Now let’s try to list some interesting information. Remembering that all datasets (etc.) exist with a scope, we can try to list all the known items within your scope:
rucio list-dids "user.${USER}:*"
Depending on the type of shell you are using, the quotes may or may not be important.
If this is the first time you are using the grid, then this may well not show anything.
Let’s now try and find some data. We took data in 2022, and the
data was (mostly) at 13.6TeV centre of mass energy. The data should
then be in the scope data22_13p6TeV
.
For MC datasets, the year is to do with the start of production in a configuration, which may not correspond to the year of the data it is modeling. For example, MC datasets modeling Run 2 are in the
mc20_13TeV
scope. For data, the year should match the datataking year except in rare cases. The way datasets are named are described in the nomenclature rules and here.
Try to find the list of all DIDs for the data22_13p6TeV
scope.
rucio list-dids "data22_13p6TeV:*"
Now try to limit the returned set of items to those of type dataset and from run 450445 and of type AOD
Previously you used the wildcard *
to search for all names in the scope. You
can also search for patterns, e.g., *Main*
Additionally, you can supply an
extra --filter
argument to the command to filter the results.
rucio list-dids "data23_13p6TeV:*450445*" --filter type=dataset,datatype=AOD
There may be a lot more, but here is a taste of what you might see…

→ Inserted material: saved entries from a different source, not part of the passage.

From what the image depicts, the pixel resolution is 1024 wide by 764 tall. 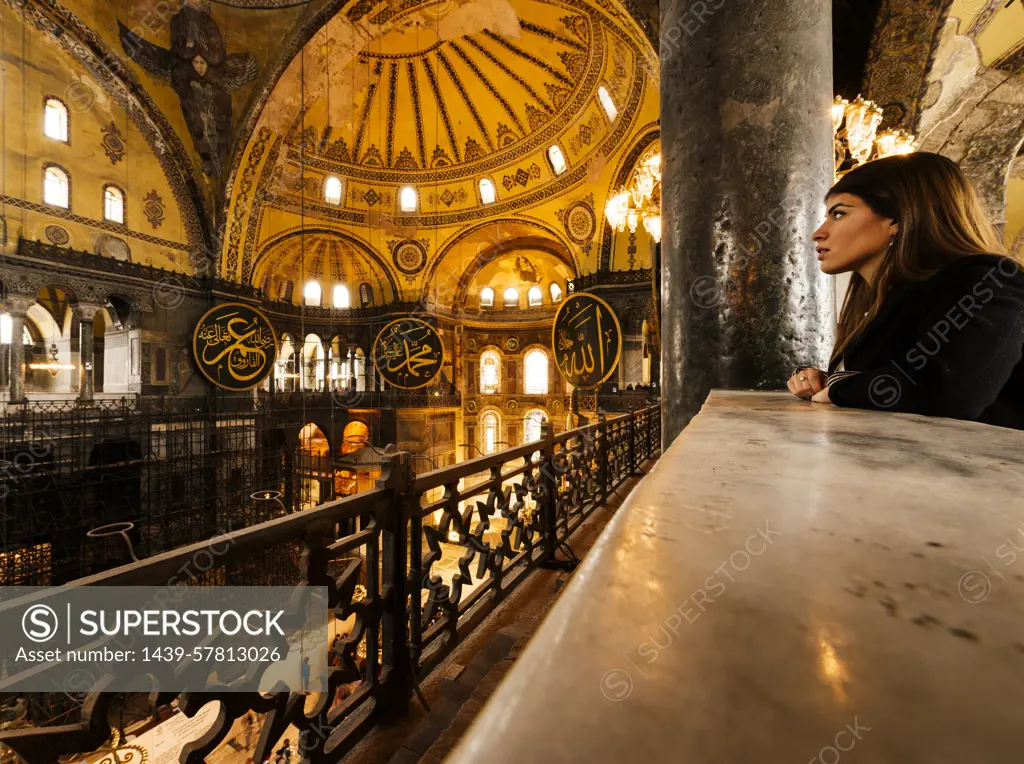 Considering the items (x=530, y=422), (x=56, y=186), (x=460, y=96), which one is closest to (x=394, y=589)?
(x=56, y=186)

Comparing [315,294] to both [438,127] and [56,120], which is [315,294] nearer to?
[438,127]

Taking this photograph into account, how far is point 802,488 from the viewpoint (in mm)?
502

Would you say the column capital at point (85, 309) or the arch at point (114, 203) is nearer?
the column capital at point (85, 309)

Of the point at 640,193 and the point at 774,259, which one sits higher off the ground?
the point at 640,193

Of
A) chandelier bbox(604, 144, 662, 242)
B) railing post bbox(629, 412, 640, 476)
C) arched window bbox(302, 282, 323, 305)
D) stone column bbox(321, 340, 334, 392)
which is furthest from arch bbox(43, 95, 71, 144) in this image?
railing post bbox(629, 412, 640, 476)

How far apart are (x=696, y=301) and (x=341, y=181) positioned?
14665mm

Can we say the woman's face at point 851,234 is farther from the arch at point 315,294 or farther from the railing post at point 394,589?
the arch at point 315,294

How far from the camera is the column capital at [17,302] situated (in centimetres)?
845

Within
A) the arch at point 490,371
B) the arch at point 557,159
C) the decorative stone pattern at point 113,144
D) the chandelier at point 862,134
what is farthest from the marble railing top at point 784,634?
the arch at point 490,371

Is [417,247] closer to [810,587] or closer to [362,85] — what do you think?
[362,85]

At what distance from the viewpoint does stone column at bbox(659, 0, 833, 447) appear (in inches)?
74.1

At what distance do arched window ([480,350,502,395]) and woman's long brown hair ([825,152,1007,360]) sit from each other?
18.4 metres

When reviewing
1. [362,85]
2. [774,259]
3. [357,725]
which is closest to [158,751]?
[357,725]

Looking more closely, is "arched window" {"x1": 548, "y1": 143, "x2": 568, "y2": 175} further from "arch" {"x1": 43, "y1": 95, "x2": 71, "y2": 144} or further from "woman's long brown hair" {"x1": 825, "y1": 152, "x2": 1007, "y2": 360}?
"woman's long brown hair" {"x1": 825, "y1": 152, "x2": 1007, "y2": 360} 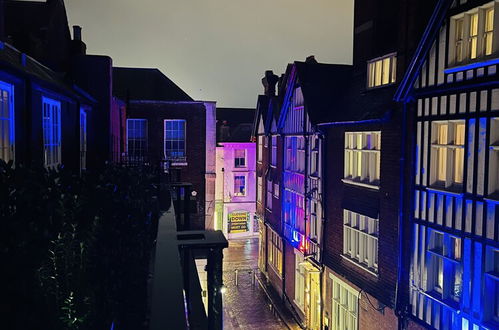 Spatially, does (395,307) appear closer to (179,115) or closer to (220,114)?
(179,115)

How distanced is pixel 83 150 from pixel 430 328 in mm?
10881

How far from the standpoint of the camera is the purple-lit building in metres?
37.6

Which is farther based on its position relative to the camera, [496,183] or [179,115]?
[179,115]

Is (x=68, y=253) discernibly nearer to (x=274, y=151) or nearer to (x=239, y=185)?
(x=274, y=151)

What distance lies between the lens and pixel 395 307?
11.5m

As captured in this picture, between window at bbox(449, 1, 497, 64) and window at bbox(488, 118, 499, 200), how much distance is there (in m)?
1.50

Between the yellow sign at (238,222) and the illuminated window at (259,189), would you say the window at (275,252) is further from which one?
the yellow sign at (238,222)

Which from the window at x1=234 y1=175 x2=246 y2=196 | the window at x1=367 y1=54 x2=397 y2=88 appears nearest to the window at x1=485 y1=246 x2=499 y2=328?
the window at x1=367 y1=54 x2=397 y2=88

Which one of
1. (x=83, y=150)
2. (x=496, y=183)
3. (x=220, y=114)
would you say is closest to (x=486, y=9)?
(x=496, y=183)

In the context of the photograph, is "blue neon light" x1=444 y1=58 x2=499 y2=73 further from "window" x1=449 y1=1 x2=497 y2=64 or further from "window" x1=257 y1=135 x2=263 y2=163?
"window" x1=257 y1=135 x2=263 y2=163

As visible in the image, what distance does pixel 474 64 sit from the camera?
8.91 m

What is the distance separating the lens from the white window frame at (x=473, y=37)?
28.3 feet

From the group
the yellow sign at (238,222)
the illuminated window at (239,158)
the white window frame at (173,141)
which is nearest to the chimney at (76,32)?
the white window frame at (173,141)

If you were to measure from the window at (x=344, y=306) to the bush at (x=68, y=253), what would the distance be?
10.6m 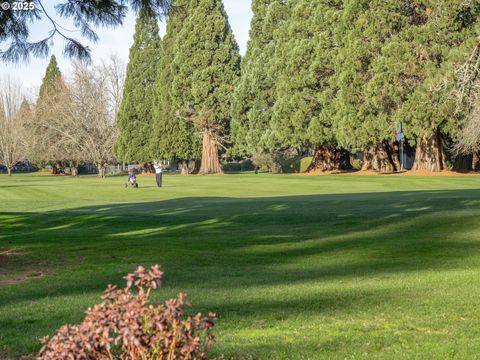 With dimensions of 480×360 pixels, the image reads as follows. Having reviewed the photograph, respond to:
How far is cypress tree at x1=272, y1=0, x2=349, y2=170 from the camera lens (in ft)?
197

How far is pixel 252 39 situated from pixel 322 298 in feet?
218

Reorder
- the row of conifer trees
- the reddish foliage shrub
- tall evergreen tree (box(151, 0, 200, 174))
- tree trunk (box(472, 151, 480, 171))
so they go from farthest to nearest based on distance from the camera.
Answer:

+---------------------------------------------------------------------------------+-----------------+
| SCOPE:NAME | [DID TYPE] |
|---------------------------------------------------------------------------------+-----------------|
| data23_13p6TeV:data23_13p6TeV.00450445.physics_Main.merge.AOD.f1342_m2167 | DIDType.DATASET |
| data23_13p6TeV:data23_13p6TeV.00450445.physics_Main.merge.AOD.x731_m2165 | DIDType.DATASET |
| data23_13p6TeV:data23_13p6TeV.00450445.physics_MinBias.merge.AOD.f1342_m2167 | DIDType.DATASET |
| data23_13p6TeV:data23_13p6TeV.00450445.physics_ZeroBias.merge.AOD.f1340_m2165 | DIDType.DATASET |
| data23_13p6TeV:data23_13p6TeV.00450445.physics_CosmicCalo.merge.AOD.f1340_m2165 | DIDType.DATASET |
| data23_13p6TeV:data23_13p6TeV.00450445.express_express.merge.AOD.f1340_m2165 | DIDType.DATASET |
| data23_13p6TeV:data23_13p6TeV.00450445.express_express.merge.AOD.x731_m2165 | DIDType.DATASET |
| data23_13p6TeV:data23_13p6TeV.00450445.physics_CosmicCalo.merge.AOD.x731_m2165 | DIDType.DATASET |
+---------------------------------------------------------------------------------+-----------------+
Thanks to the strict nomenclature rules, you can also identify the type using the search string:
rucio list-dids "data23_13p6TeV:*450445*.AOD.*" --filter type=dataset
Now let’s enter the name of a non-existing dataset such as:
rucio list-dids "data23_13p6TeV:data23_13p6TeV.00450445.physics_Main.merge.AOD.f1342_m21670"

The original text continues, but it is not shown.